By January 6, 2021July 30th, 2021No Comments

Anyone that has ever sourced professional services knows that one of the top concerns is having a firm bid – and potentially introduce you to – the ‘A-team’ to win your business. Then, once the contract is signed, they swap them out for the B-team (or the C-team) when it comes time to actually do the work.

We’ve all been there; the hotshots pitch the business, and then the benchwarmers end up delivering the business. Worst of all, you’re paying the rates you agreed to with the A-team in mind. This is a particularly common challenge in the creative space, where skills are hard to specify and even harder to contract. What can procurement do to prevent falling into this trap?

  1. Require your potential account leader or the delivery manager or even the extended team members to be part of the pitch process. You could require it as a condition of participating in the RFP process. This is particularly effective when you’re working with smaller suppliers, because they have less of a bench to pull from.
  2. Name key employees that were part of the pitch process in the contract. Make sure their actual names are documented and stipulated in the contract. Even if you don’t get all of the names down, push to name people in key roles, like the account leader or the delivery manager or someone really specific that will play a large role in the delivery.
  3. Name key roles or the job titles in the contract and require approval for changes. That way, if there’s a change in that person, the provider has to secure your approval. That will protect you from being ‘downsized’ to a junior member of the team for execution while their higher-level counterparts provide theoretical oversight from another project. This will also protect you against natural attrition; if your point of contact or project lead moves on or goes to another account or gets a promotion or joins the circus, you have a voice in selecting their replacement.
  4. Use outcome-based contracts with very specific KPIs. In some accounts, who the people are might not be nearly as important as the outcomes you’re looking for. This works best when the result matters more than the how; focus on the outcomes and KPIs versus the employees or the individuals that are going to service your account.

The hard truth here is that most professional services firms juggle their best resources across different accounts. Those resources are going to spend the majority of their time on the accounts of the provider’s best, most strategic clients. Then the question becomes, are you one of their ‘best’ clients?

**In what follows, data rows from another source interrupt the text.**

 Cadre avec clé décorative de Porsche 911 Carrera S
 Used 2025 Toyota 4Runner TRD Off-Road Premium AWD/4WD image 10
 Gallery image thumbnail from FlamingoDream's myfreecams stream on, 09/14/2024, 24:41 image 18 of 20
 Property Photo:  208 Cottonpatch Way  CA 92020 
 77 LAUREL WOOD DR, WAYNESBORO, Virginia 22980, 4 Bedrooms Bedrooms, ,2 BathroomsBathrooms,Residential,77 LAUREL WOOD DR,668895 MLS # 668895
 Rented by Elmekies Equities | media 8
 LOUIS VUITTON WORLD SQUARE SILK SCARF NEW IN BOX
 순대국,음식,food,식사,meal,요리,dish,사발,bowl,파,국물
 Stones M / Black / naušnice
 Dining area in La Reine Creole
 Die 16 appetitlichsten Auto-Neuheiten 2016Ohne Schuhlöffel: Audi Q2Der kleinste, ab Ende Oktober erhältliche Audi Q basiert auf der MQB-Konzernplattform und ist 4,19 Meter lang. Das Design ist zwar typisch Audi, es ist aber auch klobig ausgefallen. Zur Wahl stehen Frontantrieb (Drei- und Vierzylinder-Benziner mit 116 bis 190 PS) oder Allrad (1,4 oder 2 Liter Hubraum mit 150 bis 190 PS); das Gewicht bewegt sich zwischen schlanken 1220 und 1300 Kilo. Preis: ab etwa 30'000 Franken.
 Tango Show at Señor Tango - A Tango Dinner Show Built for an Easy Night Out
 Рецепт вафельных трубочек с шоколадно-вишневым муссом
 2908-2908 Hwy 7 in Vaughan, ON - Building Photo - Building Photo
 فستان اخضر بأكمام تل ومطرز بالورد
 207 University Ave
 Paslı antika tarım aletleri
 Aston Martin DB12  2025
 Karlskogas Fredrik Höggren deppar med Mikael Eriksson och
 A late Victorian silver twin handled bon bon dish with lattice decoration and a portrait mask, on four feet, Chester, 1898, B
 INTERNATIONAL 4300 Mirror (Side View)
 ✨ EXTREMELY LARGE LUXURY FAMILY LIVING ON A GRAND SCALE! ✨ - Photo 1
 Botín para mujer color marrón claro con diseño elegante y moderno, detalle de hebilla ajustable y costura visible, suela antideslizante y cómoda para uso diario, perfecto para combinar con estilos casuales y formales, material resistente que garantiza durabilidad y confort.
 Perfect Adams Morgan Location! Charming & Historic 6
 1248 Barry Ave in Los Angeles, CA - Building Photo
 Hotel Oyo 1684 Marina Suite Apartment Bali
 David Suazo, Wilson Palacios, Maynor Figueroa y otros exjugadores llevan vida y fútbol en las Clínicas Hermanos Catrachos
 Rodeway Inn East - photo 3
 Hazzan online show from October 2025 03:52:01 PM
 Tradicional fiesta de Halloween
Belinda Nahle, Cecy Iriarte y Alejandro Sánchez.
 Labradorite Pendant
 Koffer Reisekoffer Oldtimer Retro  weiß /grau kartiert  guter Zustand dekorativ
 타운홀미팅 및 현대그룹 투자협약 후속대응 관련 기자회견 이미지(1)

Being a client of choice can mean a number of things, from revenue, to strategic importance, to being the easiest to work with, to being the first client in an industry the provider wants to break into. And it’s not always just about the dollars. Spend some time thinking about what a partnership with your company and team offers the supplier and make sure they know it. Tell them outright what you intend to do to become a customer of choice.

Final thought: focus on strategic governance. Focus on fostering trust and building a spirit of partnership. At the end of the day, those are the best ways to ensure that you get – and keep – the A-team.